Rosa sericea pteracantha Like most New Yorkers, I have a lot of practice utilizing every available inch of living space, and for me that includes a garden—a 560-square-foot roof terrace that is more than a third of my total space, and the principal reason I live where I do. I don't put away the garden for winter: given the price of Manhattan real estate, I can't simply forget about that much space for three or four months. During the cold season, I do try to catch up on gardening books, study catalogs, and plan for spring, of course. But with over 200 different perennials, trees, and shrubs in containers, I always find reasons to be outdoors.

Through a decade of trial and error, I've learned how to make my rooftop a four-season garden, a place of beauty that entices me to abandon the warmth of a fire and climb up two flights of stairs on even the shortest, bleakest days.
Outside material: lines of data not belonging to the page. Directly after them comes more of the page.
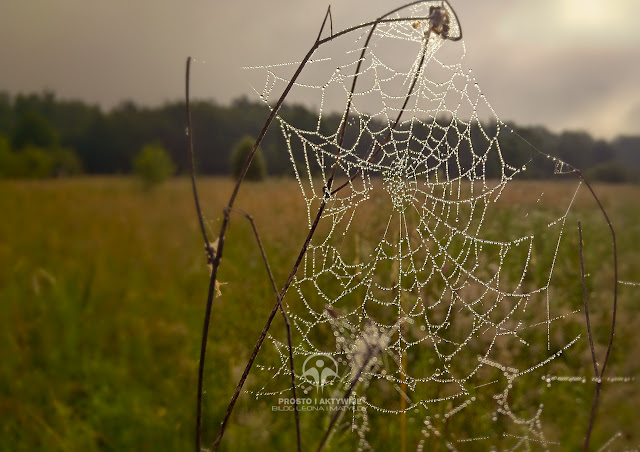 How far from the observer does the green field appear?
150 centimetres

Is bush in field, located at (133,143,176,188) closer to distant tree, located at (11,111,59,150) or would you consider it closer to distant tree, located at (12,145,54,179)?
distant tree, located at (12,145,54,179)

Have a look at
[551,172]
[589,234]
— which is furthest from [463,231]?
[589,234]

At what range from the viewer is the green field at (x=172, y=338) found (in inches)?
59.1

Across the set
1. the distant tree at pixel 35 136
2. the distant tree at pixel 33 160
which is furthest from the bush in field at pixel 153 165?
the distant tree at pixel 35 136

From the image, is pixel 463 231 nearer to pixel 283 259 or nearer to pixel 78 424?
pixel 283 259

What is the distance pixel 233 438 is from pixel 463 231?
0.96 meters

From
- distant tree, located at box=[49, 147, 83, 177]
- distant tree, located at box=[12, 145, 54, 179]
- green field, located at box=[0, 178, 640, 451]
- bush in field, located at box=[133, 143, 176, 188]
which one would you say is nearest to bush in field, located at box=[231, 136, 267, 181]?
green field, located at box=[0, 178, 640, 451]

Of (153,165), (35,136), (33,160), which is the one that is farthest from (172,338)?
(35,136)

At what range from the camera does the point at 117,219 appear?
429cm

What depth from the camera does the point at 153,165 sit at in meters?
11.4

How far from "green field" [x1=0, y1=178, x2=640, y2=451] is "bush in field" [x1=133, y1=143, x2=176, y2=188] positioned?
5941 mm

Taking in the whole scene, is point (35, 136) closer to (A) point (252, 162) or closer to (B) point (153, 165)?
(B) point (153, 165)

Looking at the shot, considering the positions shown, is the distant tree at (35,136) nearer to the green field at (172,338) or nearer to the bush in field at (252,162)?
the green field at (172,338)

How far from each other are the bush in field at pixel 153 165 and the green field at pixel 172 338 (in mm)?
5941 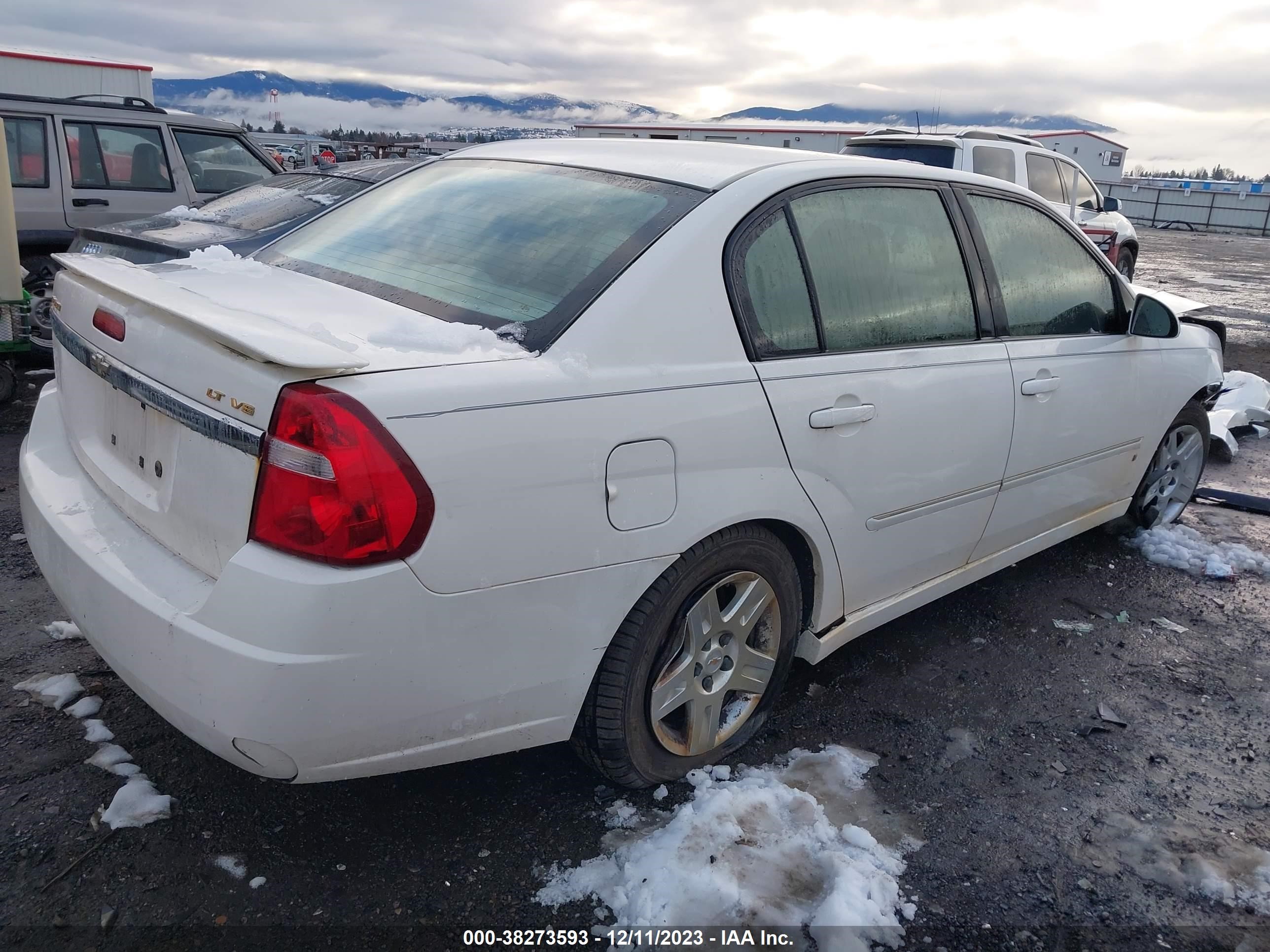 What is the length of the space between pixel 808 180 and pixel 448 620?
1.63 m

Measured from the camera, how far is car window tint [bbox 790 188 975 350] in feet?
8.83

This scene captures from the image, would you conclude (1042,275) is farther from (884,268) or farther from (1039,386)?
(884,268)

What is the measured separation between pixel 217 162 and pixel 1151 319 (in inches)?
295

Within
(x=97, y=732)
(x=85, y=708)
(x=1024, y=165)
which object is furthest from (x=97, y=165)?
(x=1024, y=165)

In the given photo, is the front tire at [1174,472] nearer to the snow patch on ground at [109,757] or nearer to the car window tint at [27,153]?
the snow patch on ground at [109,757]

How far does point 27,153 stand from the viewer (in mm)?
7234

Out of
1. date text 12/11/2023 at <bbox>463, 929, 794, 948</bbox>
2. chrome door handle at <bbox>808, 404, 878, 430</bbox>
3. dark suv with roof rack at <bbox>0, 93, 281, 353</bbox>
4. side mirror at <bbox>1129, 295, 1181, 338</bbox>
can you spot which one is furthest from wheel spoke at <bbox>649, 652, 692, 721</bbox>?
dark suv with roof rack at <bbox>0, 93, 281, 353</bbox>

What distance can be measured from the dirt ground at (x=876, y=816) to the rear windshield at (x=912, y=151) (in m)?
7.37

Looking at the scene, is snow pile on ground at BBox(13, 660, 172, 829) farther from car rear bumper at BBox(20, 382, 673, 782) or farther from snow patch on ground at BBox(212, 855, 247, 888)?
car rear bumper at BBox(20, 382, 673, 782)

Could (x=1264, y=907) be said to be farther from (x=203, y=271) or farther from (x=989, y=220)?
(x=203, y=271)

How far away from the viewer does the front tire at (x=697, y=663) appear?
2275 mm

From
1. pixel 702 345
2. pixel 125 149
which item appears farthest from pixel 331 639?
pixel 125 149

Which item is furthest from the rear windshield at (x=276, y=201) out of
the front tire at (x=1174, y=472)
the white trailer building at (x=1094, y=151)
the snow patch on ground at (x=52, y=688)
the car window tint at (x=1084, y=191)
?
the white trailer building at (x=1094, y=151)

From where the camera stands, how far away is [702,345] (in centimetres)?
232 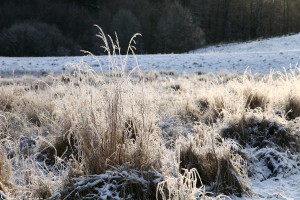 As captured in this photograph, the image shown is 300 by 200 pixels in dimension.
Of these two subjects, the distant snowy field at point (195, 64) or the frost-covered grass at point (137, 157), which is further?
the distant snowy field at point (195, 64)

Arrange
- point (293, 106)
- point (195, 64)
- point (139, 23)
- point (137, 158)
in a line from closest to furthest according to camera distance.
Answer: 1. point (137, 158)
2. point (293, 106)
3. point (195, 64)
4. point (139, 23)

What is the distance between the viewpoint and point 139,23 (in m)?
39.8

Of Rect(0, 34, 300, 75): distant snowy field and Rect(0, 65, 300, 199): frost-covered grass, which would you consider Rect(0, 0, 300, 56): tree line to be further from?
Rect(0, 65, 300, 199): frost-covered grass

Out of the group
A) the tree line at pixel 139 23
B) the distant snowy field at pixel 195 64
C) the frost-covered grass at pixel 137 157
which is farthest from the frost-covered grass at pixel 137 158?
the tree line at pixel 139 23

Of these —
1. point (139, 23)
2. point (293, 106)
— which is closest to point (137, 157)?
point (293, 106)

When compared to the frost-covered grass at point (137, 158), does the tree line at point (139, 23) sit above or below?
above

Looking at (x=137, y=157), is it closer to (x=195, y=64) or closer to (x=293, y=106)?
(x=293, y=106)

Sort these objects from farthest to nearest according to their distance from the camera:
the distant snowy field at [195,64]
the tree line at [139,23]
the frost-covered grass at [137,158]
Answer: the tree line at [139,23]
the distant snowy field at [195,64]
the frost-covered grass at [137,158]

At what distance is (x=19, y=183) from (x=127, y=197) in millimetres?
845

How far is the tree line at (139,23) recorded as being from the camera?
3734cm

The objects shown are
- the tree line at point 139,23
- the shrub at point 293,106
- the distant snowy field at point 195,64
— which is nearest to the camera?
the shrub at point 293,106

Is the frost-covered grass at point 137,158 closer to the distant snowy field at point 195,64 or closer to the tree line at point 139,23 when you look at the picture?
the distant snowy field at point 195,64

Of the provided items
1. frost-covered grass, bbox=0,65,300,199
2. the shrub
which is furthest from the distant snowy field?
frost-covered grass, bbox=0,65,300,199

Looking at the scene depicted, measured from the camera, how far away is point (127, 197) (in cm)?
271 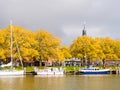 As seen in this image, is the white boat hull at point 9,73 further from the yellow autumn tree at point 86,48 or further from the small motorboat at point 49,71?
the yellow autumn tree at point 86,48

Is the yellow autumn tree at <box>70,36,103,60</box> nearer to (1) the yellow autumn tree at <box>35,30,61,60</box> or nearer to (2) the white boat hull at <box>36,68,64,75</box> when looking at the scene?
(1) the yellow autumn tree at <box>35,30,61,60</box>

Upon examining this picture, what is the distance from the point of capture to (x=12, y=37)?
114938 mm

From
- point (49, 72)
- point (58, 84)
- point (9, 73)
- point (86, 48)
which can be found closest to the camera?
point (58, 84)

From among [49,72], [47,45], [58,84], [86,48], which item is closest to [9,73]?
[49,72]

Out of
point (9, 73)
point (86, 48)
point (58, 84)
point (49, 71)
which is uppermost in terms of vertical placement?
point (86, 48)

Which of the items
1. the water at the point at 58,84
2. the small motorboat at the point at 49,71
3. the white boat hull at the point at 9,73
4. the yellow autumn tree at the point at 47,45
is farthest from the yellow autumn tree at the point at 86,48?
the water at the point at 58,84

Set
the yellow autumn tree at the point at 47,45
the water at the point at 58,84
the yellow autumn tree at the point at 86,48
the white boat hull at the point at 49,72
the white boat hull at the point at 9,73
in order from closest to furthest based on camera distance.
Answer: the water at the point at 58,84
the white boat hull at the point at 9,73
the white boat hull at the point at 49,72
the yellow autumn tree at the point at 47,45
the yellow autumn tree at the point at 86,48

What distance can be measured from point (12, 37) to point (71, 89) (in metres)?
63.8

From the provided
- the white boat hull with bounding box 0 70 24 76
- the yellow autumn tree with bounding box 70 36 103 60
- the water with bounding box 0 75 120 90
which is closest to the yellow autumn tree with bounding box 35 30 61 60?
the yellow autumn tree with bounding box 70 36 103 60

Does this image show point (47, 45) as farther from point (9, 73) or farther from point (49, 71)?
point (9, 73)

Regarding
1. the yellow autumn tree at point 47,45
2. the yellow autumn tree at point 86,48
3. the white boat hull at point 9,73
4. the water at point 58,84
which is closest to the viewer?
the water at point 58,84

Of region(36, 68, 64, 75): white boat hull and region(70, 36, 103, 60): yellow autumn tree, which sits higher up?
region(70, 36, 103, 60): yellow autumn tree

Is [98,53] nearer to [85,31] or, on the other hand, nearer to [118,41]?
[118,41]

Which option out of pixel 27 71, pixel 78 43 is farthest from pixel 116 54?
pixel 27 71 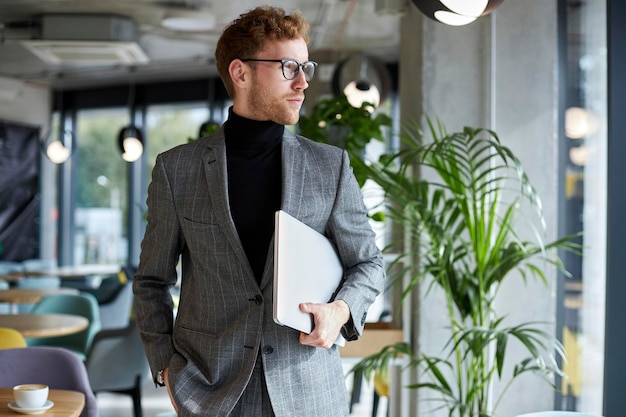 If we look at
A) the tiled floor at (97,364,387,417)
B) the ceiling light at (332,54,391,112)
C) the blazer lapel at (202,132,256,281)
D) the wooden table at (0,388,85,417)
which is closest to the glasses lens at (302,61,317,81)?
the blazer lapel at (202,132,256,281)

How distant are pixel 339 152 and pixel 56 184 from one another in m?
10.6

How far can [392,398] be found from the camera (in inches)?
178

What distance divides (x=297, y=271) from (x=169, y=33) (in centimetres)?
732

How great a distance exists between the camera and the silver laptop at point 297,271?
173cm

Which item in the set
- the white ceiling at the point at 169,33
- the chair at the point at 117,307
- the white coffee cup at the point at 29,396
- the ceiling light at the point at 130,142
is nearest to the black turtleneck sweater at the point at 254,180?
the white coffee cup at the point at 29,396

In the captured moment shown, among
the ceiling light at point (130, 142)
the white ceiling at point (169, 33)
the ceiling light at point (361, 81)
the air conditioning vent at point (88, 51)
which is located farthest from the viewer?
the ceiling light at point (130, 142)

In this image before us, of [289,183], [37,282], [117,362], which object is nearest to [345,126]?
[117,362]

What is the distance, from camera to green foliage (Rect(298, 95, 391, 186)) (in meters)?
4.14

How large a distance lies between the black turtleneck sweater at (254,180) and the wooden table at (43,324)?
9.95 ft

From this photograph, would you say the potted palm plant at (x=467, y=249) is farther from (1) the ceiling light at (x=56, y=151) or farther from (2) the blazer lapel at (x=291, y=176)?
(1) the ceiling light at (x=56, y=151)

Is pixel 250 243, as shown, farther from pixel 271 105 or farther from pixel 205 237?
pixel 271 105

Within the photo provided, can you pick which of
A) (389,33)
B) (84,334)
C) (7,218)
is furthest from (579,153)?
(7,218)

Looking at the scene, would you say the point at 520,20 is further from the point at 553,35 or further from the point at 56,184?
the point at 56,184

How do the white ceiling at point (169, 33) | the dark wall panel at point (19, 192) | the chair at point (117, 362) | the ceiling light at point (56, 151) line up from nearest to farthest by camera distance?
the chair at point (117, 362), the white ceiling at point (169, 33), the ceiling light at point (56, 151), the dark wall panel at point (19, 192) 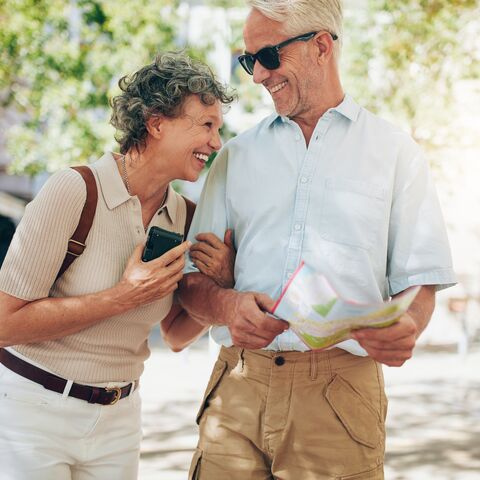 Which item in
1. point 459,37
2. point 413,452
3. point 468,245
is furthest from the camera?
point 468,245

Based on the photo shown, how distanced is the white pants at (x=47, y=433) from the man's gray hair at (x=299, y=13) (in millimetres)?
1480

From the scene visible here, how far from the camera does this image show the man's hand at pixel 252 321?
2541 millimetres

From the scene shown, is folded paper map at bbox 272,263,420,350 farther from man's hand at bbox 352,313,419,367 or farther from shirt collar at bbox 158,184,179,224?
shirt collar at bbox 158,184,179,224

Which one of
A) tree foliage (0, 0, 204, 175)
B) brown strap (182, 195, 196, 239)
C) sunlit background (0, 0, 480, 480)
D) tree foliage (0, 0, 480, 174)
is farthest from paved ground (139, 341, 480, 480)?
brown strap (182, 195, 196, 239)

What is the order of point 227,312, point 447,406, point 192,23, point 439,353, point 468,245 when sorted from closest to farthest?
point 227,312 < point 447,406 < point 439,353 < point 192,23 < point 468,245

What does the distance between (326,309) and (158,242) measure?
89 centimetres

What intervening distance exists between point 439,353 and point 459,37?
18.8ft

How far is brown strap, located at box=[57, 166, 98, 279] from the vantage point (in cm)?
283

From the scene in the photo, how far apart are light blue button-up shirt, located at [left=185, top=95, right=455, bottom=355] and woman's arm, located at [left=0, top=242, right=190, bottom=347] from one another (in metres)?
0.30

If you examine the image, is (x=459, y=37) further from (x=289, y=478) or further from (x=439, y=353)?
(x=289, y=478)

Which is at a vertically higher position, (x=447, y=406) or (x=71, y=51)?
(x=71, y=51)

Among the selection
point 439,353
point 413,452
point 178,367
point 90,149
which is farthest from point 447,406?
point 90,149

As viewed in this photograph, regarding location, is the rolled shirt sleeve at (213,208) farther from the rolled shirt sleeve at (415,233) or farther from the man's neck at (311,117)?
the rolled shirt sleeve at (415,233)

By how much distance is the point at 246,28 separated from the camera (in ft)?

Unless you hibernate or live in the very coldest and snowiest of climates, your garden, too—whether rooftop, container, or more conventional—can be designed to be inviting in winter.

Without Bounds

Every garden is particular to its site, so a good place to begin is with a description of mine. Enclosed on three sides, it is protected on the east and west by fences, and on the north by the white stucco wall of a penthouse. The view south is unobstructed, but undistinguished—not a view one rushes to the parapet to admire. Nevertheless, there is a natural forward movement to the edge that I have slowed by using groupings of containers to break up the space and create diagonal lines and paths through the garden. The deck is on two levels with a one-foot change in elevation, and raised beds built into three corners (a door opens into the fourth).

I might have stopped there if I had heeded typical plant palette recommendations for a rooftop. I stubbornly believed that although my garden might be contained, it would not be limited; and I would make a garden as rich and botanically interesting as a garden in the ground. So, I added more containers: four large oblong cedar planters (two hold a rose arch); three half-barrels; and about 65 additional planters of all sizes and shapes in wood, terra cotta, ceramic, stone, fiberglass, aluminum, plastic, and wire.

Container Considerations

Like most gardeners, I love terra cotta. It is reckless, maybe profligate, but I gamble and leave the sturdier pieces planted and outside in winter. Manufacturers advise protecting terra cotta from frost, but in my Zone 7 container garden, only a few pots have disintegrated or cracked in ten years, and only one was so expensive that I had any regrets—luck, maybe. I place the more fragile pots in the shadow of the parapet, protected from direct sun and the precipitous freezes and thaws that take a toll on both plants and pots.

The largest containers (for trees, shrubs, and roses) are long-lasting oak half-barrels, and cedar and redwood planters. It's a quick slide from beautifully weathered to falling apart, so I line wood planters with plastic landscape fabric to extend their life. An added benefit is that the plants dry out more slowly.

I also favor fiberglass planters that are reproduced in many pleasing classic shapes and finishes, and are a fraction of the weight of terra cotta and stone. Metal-impregnated fiberglass planters (available by mail-order from Claycraft Planters, 212-242-2903) start with patinas of exceptional character and actually age—a cast iron finish blends particularly well with terra cotta.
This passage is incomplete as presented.